El Espíritu Santo nos hace encontrar en las cosas de este mundo mucho más que lo que nosotros buscamos en ellas.
Es completamente normal que nos gusten las cosas de la tierra, que nos atraigan las cosas de este mundo, porque Dios las creó "para que las disfrutemos" (1 Timoteo 6,17). Si no fuera así, nos moriríamos de angustia y no podríamos soportar esta vida.
El
atractivo de las cosas es un signo maravilloso, y la variedad de este
mundo, repleto de cosas agradables, es un reflejo de la inagotable
hermosura de Dios.
El atractivo que sentimos por el placer que
nos brindan las cosas de esta tierra nos dice que existe la vida y la
esperanza, que vale la pena haber nacido, que existe la hermosura y
existe el bien; en definitiva, que existe Dios.
El problema es
que a veces nos confundimos, y eso es causa de muchas tristezas.

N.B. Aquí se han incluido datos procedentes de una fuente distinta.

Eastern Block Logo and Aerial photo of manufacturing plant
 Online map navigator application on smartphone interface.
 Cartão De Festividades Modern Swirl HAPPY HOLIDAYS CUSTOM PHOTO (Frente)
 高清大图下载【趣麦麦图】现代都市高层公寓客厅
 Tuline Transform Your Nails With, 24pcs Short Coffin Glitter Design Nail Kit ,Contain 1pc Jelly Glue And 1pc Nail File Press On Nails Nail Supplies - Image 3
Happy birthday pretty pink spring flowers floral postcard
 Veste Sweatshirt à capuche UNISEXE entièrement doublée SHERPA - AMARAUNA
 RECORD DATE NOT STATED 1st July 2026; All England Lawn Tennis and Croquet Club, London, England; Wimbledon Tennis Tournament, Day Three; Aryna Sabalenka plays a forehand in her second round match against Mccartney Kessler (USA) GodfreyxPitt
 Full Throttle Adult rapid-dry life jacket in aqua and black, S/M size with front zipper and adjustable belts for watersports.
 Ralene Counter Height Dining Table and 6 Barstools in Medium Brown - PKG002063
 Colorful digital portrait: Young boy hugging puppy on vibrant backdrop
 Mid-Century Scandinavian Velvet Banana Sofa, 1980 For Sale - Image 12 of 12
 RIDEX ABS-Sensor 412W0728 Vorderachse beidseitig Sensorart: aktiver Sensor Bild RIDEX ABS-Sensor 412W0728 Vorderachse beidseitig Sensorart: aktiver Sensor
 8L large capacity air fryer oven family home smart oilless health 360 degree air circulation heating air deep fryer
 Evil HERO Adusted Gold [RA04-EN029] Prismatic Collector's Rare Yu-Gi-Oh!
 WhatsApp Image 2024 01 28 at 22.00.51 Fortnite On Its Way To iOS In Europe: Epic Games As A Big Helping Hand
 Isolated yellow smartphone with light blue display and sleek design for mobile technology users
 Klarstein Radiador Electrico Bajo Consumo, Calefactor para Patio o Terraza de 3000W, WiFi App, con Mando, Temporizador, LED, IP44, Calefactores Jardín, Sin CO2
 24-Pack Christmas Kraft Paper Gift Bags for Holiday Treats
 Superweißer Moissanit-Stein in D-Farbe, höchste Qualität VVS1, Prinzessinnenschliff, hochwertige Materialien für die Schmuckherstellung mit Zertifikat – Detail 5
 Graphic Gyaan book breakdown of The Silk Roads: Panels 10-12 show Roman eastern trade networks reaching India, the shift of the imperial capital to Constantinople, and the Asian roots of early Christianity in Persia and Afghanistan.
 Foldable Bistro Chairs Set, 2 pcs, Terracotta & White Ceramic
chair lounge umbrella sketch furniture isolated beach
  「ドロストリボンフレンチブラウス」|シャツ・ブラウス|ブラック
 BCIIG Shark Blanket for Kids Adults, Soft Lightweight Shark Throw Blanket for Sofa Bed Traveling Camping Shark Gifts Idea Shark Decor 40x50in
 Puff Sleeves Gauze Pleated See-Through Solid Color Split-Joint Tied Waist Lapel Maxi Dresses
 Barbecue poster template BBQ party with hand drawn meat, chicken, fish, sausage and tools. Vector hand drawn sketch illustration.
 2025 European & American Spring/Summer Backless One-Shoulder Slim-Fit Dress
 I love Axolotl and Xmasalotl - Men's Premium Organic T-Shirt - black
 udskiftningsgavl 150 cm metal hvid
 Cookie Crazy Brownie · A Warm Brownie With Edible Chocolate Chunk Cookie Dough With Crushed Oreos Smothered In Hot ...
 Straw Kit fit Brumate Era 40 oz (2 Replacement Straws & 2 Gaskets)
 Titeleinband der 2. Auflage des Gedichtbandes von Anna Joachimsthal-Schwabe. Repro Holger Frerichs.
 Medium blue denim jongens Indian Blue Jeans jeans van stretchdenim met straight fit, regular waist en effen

Porque
las cosas son simplemente creaturas de Dios que reflejan un poquito de
su belleza; pero él es infinitamente más que ellas e infinitamente mejor
que las cosas.
Sin embargo, las cosas nos engañan, y a veces nos
confundimos creyendo que son eternas, y llegamos a adorarlas como si
fueran nuestro Dios.
El problema en realidad no son las cosas de
este mundo, sino nuestra debilidad, nuestra pequeñez, nuestra oscuridad
que nos enceguece.
Nosotros olvidamos que en las creaturas
tenemos que descubrir al Señor infinitamente bello que se refleja en
ellas. Olvidamos que estamos creados para él, y no para las cosas que
son obra de sus manos y sólo manifiestan una gota de su belleza.
Pidamos
al Espíritu Santo que nos ayude a trascender las cosas, que podamos
detenernos en ellas con gozo, pero encontrando en ellas al Creador, como
lo hacía San Francisco de Asís, lleno de ternura y de alegría.